Stefan Rousseau/PA Archive
Thousands of drivers are being caught out by new vehicle tax rules, with a surge in the number of drivers penalised for not having valid tax, according to figures obtained by The Guardian.
The changes to the law, which included the removal of the requirement to display a tax disc on a car's windscreen, have seen an increase in the number of vehicles clamped by the DVLA due to a lack of tax. Before the new regulations came into place, the authority was clamping 5,000 vehicles a month on average, though this has now shot up to around 8,000.
Some drivers are being fined as much as £800, while others are waking to find that their cars have been towed away without warning. The issue arises from the fact that vehicle tax can no longer be transferred between car owners. While an owner should receive an automatic refund for any full months tax left on the vehicle from the DVLA, buyers must buy tax at the time of purchase, before using their new car on the road.
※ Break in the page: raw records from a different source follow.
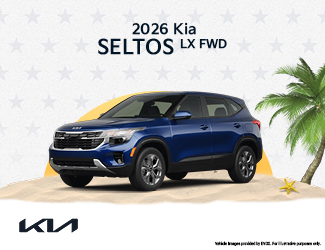 2026 Kia Seltos LX FWD
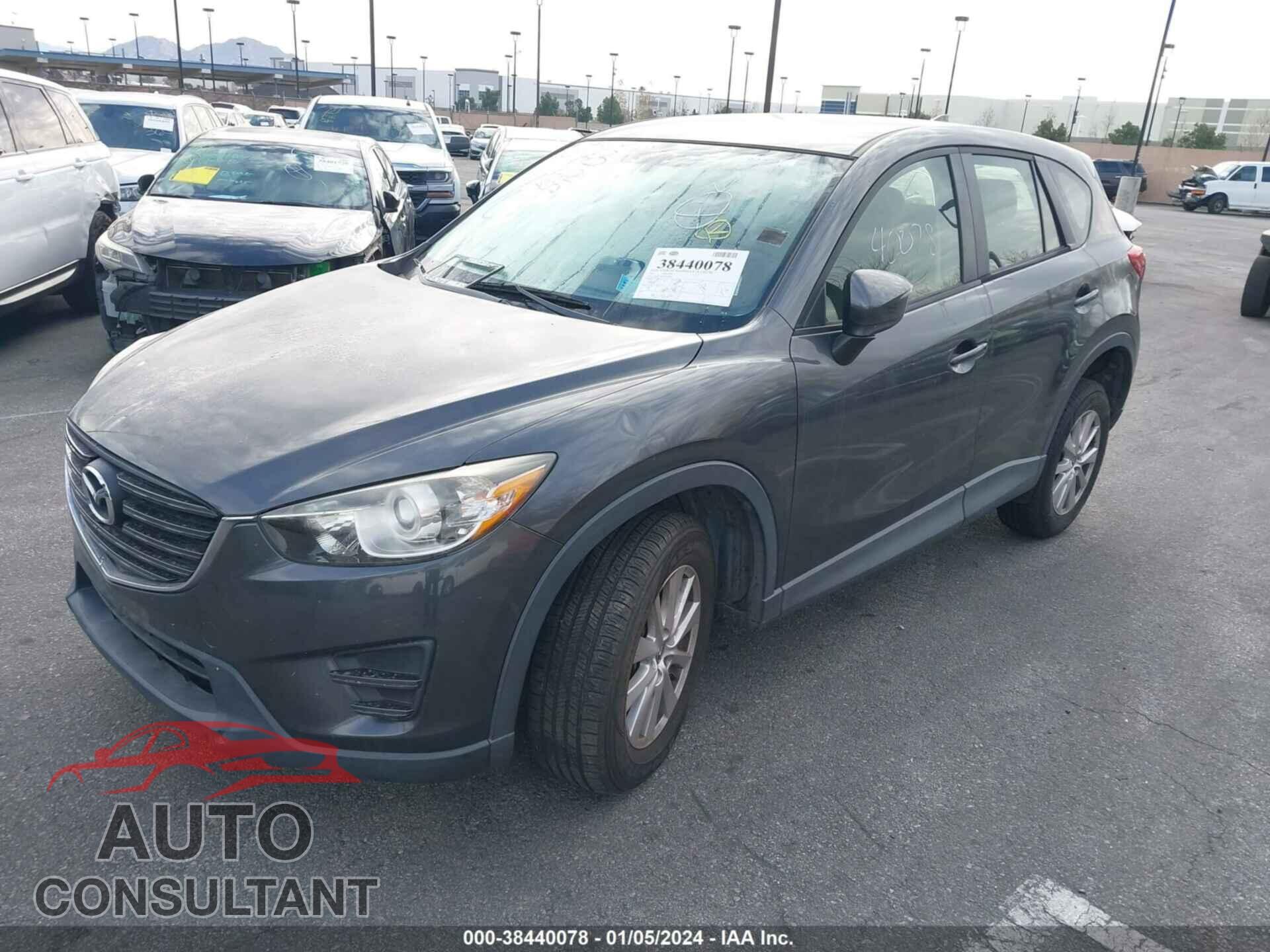 MAZDA CX-5 2016 - JM3KE2BY6G0776899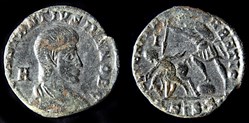 CONSTANCE GALLE (351-354) RIC. 347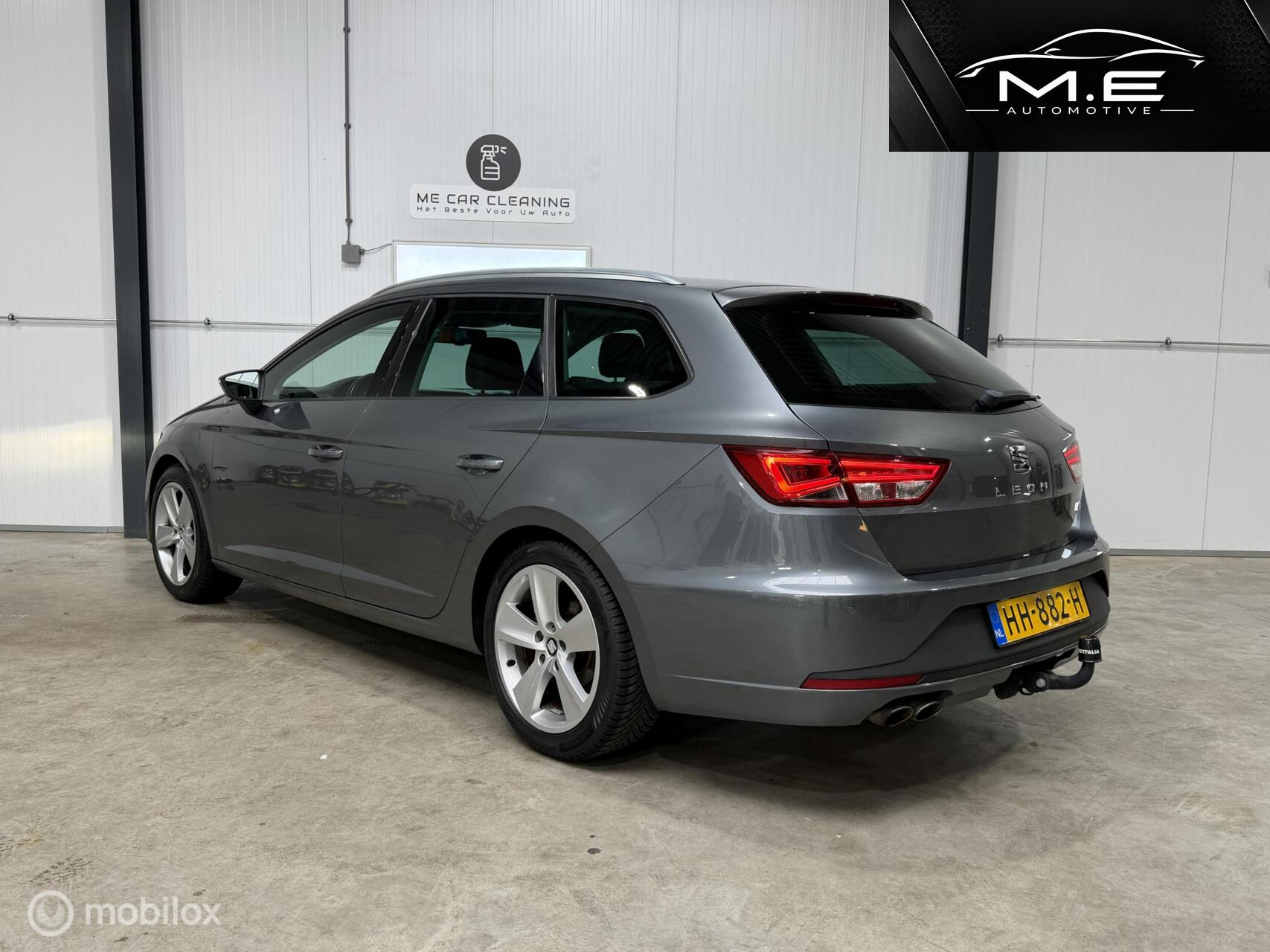 Foto van Seat Leon ST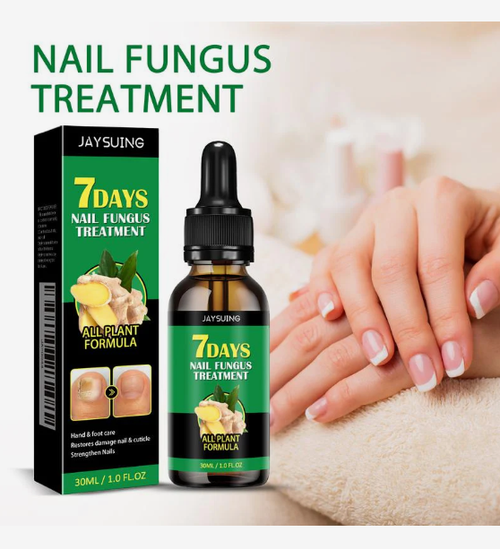 Ginger Nail Treatment Nail Support Nail Care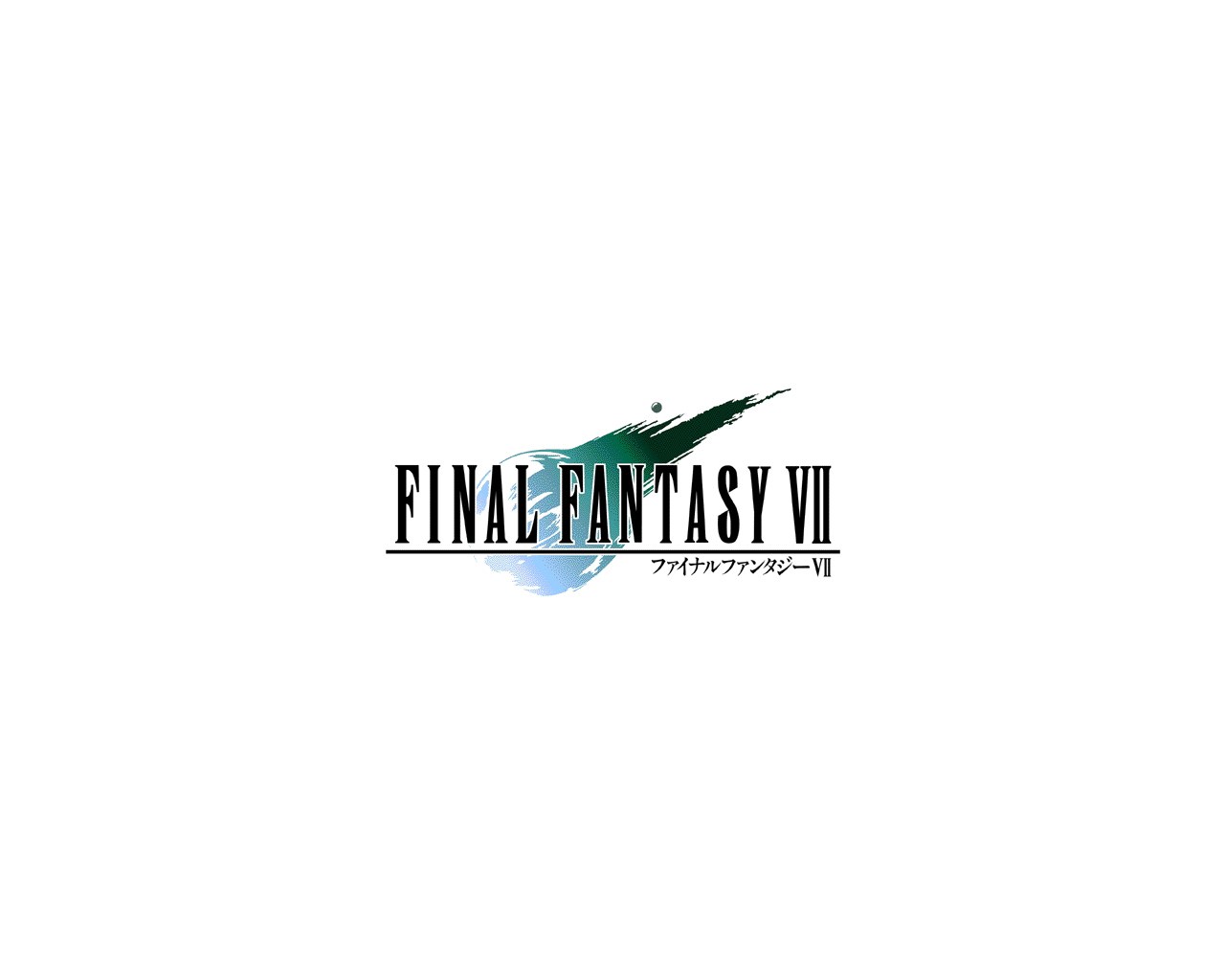 Final Fantasy VII logo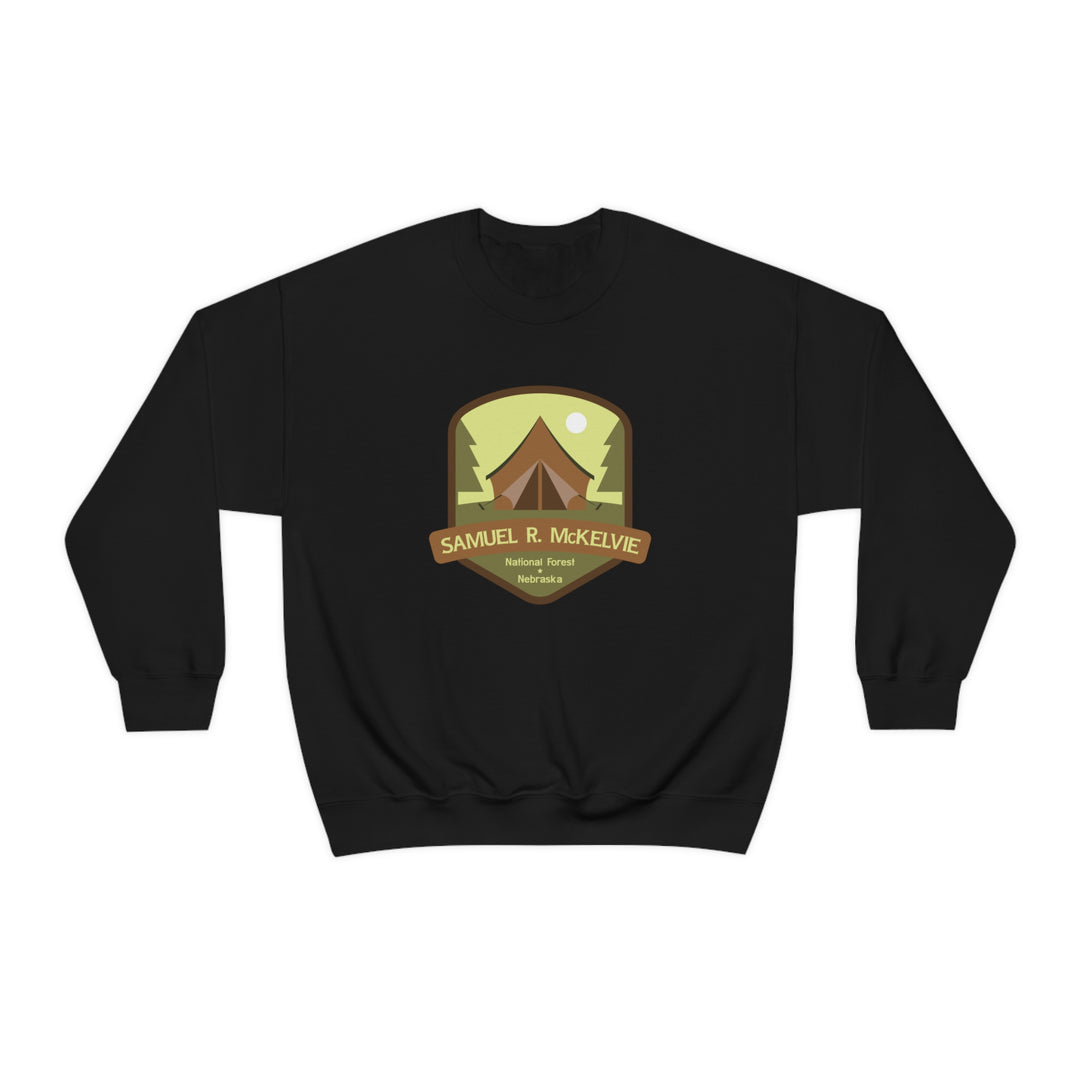 Samuel R. McKelvie National Forest - Nebraska Unisex Heavy Blend Crewneck Sweatshirt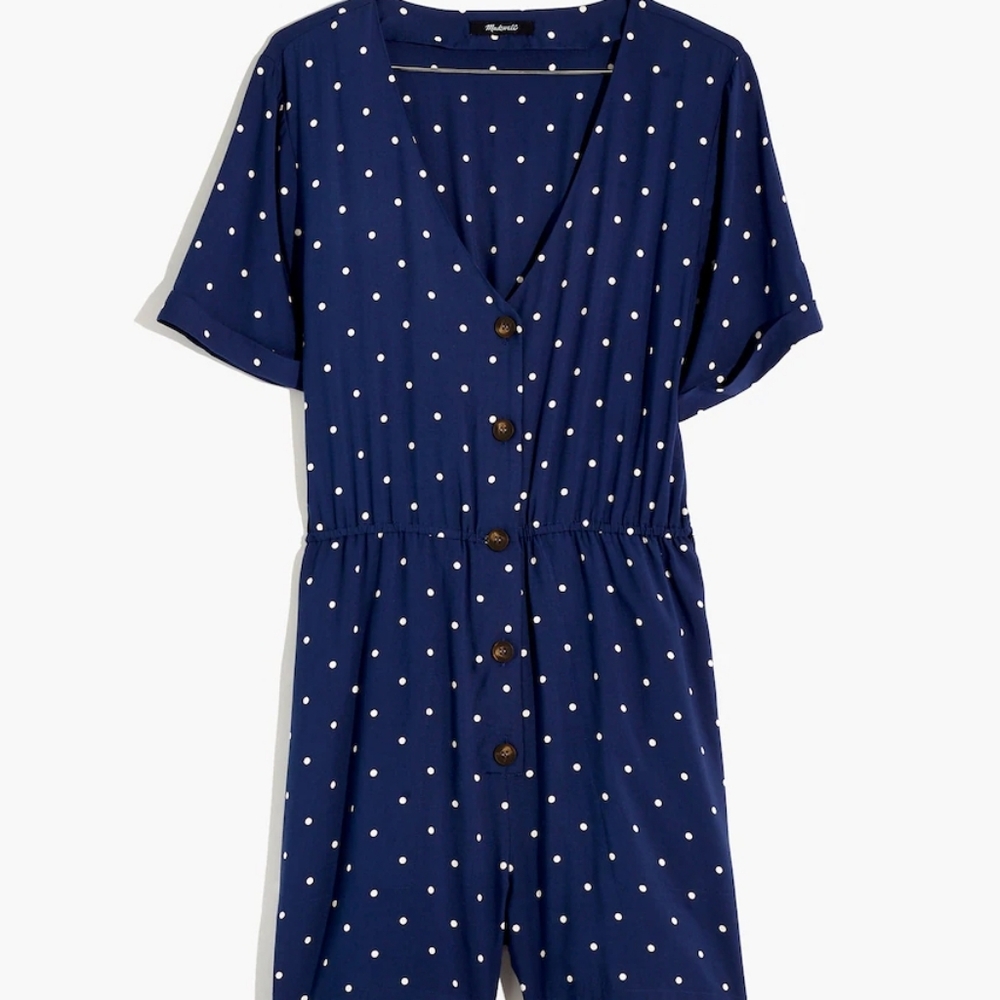 Madewell Romper, Size XS - Picture 11 of 12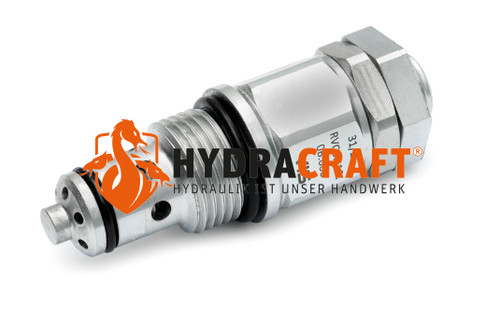Druckbegrenzungsventil Bosch Rexroth 0T.M103039920000 einstellbar 40-200 bar (78022099)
Despite the DVLA claiming that it has worked to ensure that the public is aware of this new requirement, many have accused the body of acting unfairly. Those caught out have no right of appeal to an independent body.
Frustrated motorists have criticised the new rules as a money spinner for the DVLA, as it ensures that it receives two tax payments in a month in which a car's ownership is transferred. A spokesperson for the authority told The Guardian: "We continue to operate a comprehensive package of measures which make vehicle tax easy to pay but hard to avoid. We know that the vast majority of motorists continue to tax their vehicles on time with over 23 million drivers taxing their vehicles since 1 October 2014.
"The changes have been widely publicised and we write to every vehicle keeper to remind them of the new rules before the vehicle tax expires. We also write to every new vehicle keeper when they buy a used vehicle to inform them that they must tax the vehicle before they use it."